Façade ondulée en pierre massive, chai Delas, Tain-l’Hermitage, vues extérieures et intérieures, Carl Fredrik Svenstedt architecte |
Dossier réalisé par Stéphane BERTHIER Ce qui est curieux, ce n’est pas que l’on construise en pierre aujourd’hui, mais que l’on ait cessé de le faire depuis une cinquantaine d’années. Certes, les années 1980 et les années 1990 nous ont fait découvrir la douteuse technique de la pierre agrafée, dont témoignent encore quelques bâtiments sous filets de protection. Cependant, nous assistons bel et bien à un renouveau du matériau, avec des mises en œuvre allant de la construction en pierre massive au parement autoporteur, après quelques décennies d’absence. |
Malgré Auguste Perret et son « béton plus beau que [leurs] pierre[s] », la filière de la construction en pierre a connu la prospérité au sortir de la Seconde Guerre mondiale. Des efforts de financements publics importants avaient alors soutenu la mécanisation et l’industrialisation de la production pour lui permettre de faire face aux enjeux de la reconstruction. De nombreux édifices ont ainsi été réalisés en pierre porteuse pendant une vingtaine d’années avant que la filière du béton armé, ses systèmes préfabriqués et sa politique des modèles architecturaux ne prennent le relais, pour le meilleur comme pour le pire. Fernand Pouillon est sans doute la figure majeure de cette période, depuis l’opération de reconstruction du Vieux-Port de Marseille jusqu’à celle du Point-du-Jour à Boulogne, qui lui fut fatale. Mais il fut loin d’être le seul à bâtir en pierre : nous pourrions citer les travaux de Jacques Henri-Labourdette à Sarcelles, de Roger Hummel à Nanterre ou encore de Guy Pison à Caen. Il est aussi très facile à l’œil averti d’identifier des immeubles en pierre massive sans signature prestigieuse un peu partout, datant de cette époque. Des dizaines de milliers de logements ont ainsi été construits en France jusqu’au mitan des années 1960 avant qu’une longue éclipse ne s’amorce et que ne s’ouvre la période de la modernité triomphante du béton armé. Lobby des cimentiers ? Désamour des architectes pour un matériau qui paraissait désormais antimoderne ? Difficulté de la filière pour tenir le rythme de production de l’époque ? De nombreuses raisons sont invoquées sans qu’aucune soit à elle seule convaincante ; elles le sont peut-être un peu toutes à la fois.
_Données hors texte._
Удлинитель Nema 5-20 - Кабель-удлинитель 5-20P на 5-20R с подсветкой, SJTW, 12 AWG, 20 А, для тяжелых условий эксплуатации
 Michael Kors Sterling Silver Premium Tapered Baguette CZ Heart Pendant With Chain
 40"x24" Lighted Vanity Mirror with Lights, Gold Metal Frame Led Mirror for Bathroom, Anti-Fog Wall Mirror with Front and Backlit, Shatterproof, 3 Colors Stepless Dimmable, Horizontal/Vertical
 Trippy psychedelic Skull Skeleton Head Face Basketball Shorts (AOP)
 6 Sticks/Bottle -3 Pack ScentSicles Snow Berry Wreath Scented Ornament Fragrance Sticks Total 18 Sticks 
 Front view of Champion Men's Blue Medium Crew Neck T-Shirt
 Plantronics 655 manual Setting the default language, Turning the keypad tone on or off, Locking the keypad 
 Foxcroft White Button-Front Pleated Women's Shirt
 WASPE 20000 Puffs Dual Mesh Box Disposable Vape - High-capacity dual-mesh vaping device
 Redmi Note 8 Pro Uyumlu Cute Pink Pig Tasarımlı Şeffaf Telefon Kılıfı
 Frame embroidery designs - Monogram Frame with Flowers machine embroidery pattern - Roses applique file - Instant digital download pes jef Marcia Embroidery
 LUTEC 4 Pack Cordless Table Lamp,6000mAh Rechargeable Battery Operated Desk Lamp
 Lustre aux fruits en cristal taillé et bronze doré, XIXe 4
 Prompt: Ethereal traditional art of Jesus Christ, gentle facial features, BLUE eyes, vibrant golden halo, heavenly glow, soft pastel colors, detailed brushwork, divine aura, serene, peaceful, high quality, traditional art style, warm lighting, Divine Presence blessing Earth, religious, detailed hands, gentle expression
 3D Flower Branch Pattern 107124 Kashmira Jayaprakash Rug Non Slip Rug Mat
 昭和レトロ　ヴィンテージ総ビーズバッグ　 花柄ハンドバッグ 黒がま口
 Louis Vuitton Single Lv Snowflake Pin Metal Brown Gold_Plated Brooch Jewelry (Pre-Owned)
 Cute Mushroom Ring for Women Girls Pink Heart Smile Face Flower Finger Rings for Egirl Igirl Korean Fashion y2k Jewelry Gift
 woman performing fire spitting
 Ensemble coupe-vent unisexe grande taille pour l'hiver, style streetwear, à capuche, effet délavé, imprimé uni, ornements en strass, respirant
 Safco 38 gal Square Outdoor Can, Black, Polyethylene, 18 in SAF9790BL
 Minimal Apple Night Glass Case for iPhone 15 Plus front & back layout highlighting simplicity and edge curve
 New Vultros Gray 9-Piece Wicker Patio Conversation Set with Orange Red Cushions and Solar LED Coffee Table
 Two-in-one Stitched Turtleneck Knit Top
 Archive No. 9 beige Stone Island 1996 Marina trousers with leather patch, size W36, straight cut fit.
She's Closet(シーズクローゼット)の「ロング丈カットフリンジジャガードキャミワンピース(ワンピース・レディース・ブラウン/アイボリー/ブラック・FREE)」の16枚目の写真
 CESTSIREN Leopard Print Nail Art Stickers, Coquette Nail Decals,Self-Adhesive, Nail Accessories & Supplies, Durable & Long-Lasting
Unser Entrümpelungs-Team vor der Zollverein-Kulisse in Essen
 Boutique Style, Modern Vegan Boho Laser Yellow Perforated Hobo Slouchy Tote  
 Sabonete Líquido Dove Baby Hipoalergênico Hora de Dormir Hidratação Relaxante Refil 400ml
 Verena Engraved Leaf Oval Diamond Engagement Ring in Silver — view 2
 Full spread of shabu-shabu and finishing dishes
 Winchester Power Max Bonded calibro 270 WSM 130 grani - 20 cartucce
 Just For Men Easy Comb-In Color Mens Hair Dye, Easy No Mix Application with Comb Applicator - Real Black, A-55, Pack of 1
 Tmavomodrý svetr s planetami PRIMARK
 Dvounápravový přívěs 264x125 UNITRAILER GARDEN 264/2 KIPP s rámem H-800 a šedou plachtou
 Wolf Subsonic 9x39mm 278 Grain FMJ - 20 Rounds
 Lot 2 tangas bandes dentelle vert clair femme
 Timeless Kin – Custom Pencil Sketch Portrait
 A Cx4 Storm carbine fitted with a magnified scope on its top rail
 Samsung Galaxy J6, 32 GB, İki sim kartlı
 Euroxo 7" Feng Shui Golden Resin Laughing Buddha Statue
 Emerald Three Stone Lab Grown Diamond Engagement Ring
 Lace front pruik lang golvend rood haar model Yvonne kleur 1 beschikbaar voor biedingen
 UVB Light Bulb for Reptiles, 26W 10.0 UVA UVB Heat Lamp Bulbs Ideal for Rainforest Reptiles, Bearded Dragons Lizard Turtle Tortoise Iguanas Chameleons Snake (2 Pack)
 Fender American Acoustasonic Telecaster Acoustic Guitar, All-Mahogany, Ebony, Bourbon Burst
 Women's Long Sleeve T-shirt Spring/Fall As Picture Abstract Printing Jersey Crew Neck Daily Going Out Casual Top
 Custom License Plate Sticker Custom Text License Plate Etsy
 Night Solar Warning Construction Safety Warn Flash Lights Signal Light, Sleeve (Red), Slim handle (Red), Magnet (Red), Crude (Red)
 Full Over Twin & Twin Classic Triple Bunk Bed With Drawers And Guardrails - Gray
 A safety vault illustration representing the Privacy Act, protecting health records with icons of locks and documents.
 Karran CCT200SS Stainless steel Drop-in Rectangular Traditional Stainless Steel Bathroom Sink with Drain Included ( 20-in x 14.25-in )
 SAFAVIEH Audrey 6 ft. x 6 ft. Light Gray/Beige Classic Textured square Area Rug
Gilles perraudin, le précurseur
Un jalon important de la renaissance de l’architecture de pierre massive est sans nul doute le chai réalisé par Gilles Perraudin pour lui-même à Vauvert, près de Nîmes. Après une première période professionnelle durant laquelle il fut, avec son associée Françoise-Hélène Jourda, un représentant du high-tech à la française, il bifurqua soudainement à la toute fin du XXe siècle vers des constructions en pierre massive, presque archaïques, dont le chai de Vauvert, terminé en 1997 et qui reste son œuvre la plus radicale. Un unique module de pierre constitue un trumeau à la verticale ou un linteau à l’horizontale, définissant un jeu de construction aussi évident qu’émouvant. Sans doute la citation de Roland Barthes qu’il mettait en exergue dans une récente conférence1 nous permet de mieux comprendre la rupture qu’il a opérée dans sa carrière : « Tout d’un coup, il m’est devenu indifférent de ne pas être moderne. » Depuis plus d’un quart de siècle, il poursuit inlassablement, avec opiniâtreté, la quête d’une architecture de pierre libérée de toute allégeance à la modernité, et livre au compte-goutte des édifices d’exception.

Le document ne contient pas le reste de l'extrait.